“Now this is our boast: Our conscience testifies that we have conducted ourselves in the world, and especially in our relations with you, with integrity and godly sincerity. We have done so, relying not on worldly wisdom but on God’s grace.” (2 Corinthians 1:12)

Warren Buffett said, “It takes 20 years to build a reputation and five minutes to ruin it. If you think about that, you’ll do things differently.” Paul was confident that in the eyes of the world and among fellow believers he had not done anything to tarnish his reputation. That doesn’t mean that everybody liked him or that his ministry was free from conflict. What it does mean is that Paul’s life and words matched. People knew that Paul meant what he said and lived what he believed.

Integrity is a bedrock principal of fundraising. Donors must have complete confidence that you are accomplishing what you advertise in your ministry and wisely using the funds you receive. Accurate donor reports are critical to continued donor engagement. Everything your ministry does either builds trust and credibility or erodes it – your communication, your ministry impact, the way you deal with controversies, and even the way you treat your staff.
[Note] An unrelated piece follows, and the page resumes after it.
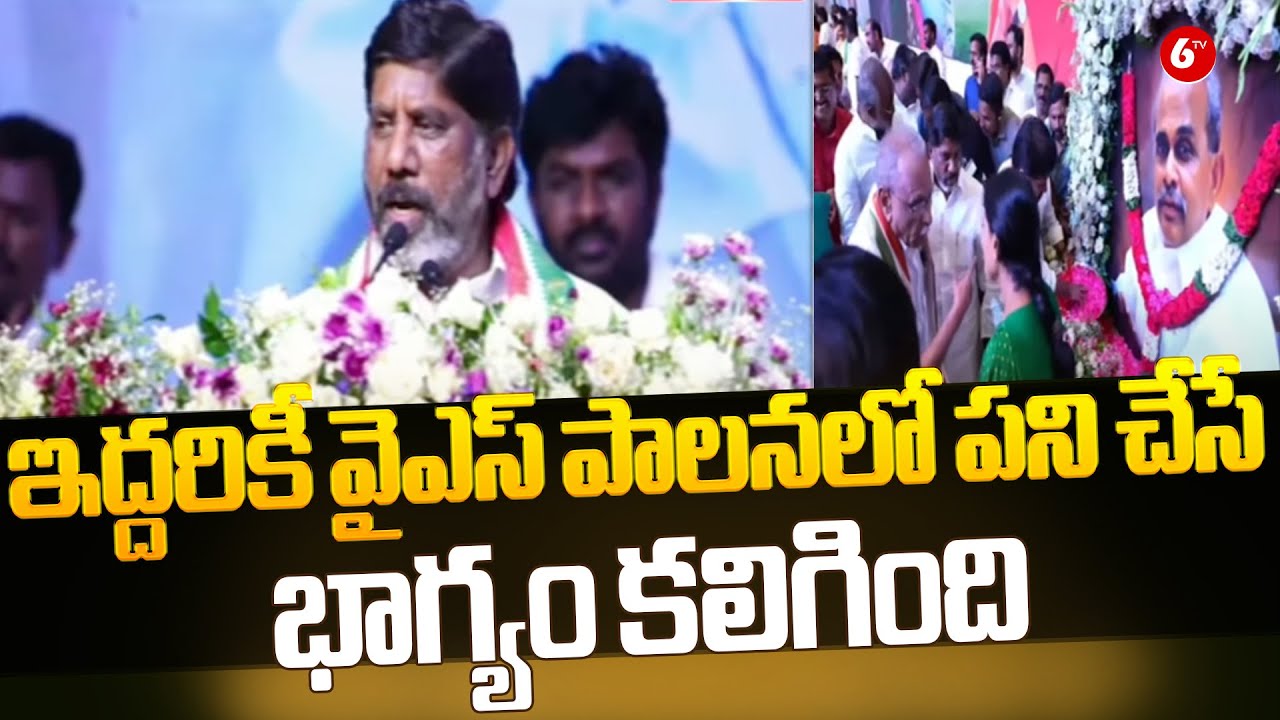 Telangana Deputy Chief Minister Mallu Bhatti Vikramarka Comments In YSR Jayanti Sabha | Speech|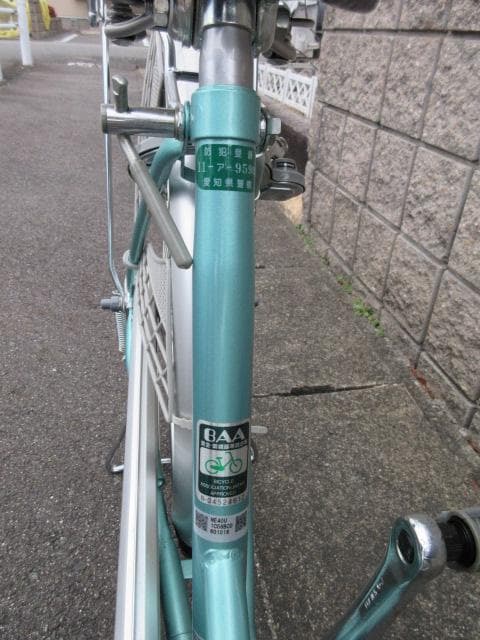 ブリヂストン(エコホーム)　自転車　愛知県小牧市まで引取可能な方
Organizational credibility is essential, but your personal reputation is just as important. Paul used the phrases, “integrity, godly sincerity, and not relying on worldly wisdom, but God’s grace.” Do your donors see the fruit of the Spirit in your life every time you meet with them, or do they simply see a professional fundraiser? Charles R. Swindoll noted, “Only you can do the self-exam needed for integrity. No one else knows the truth.”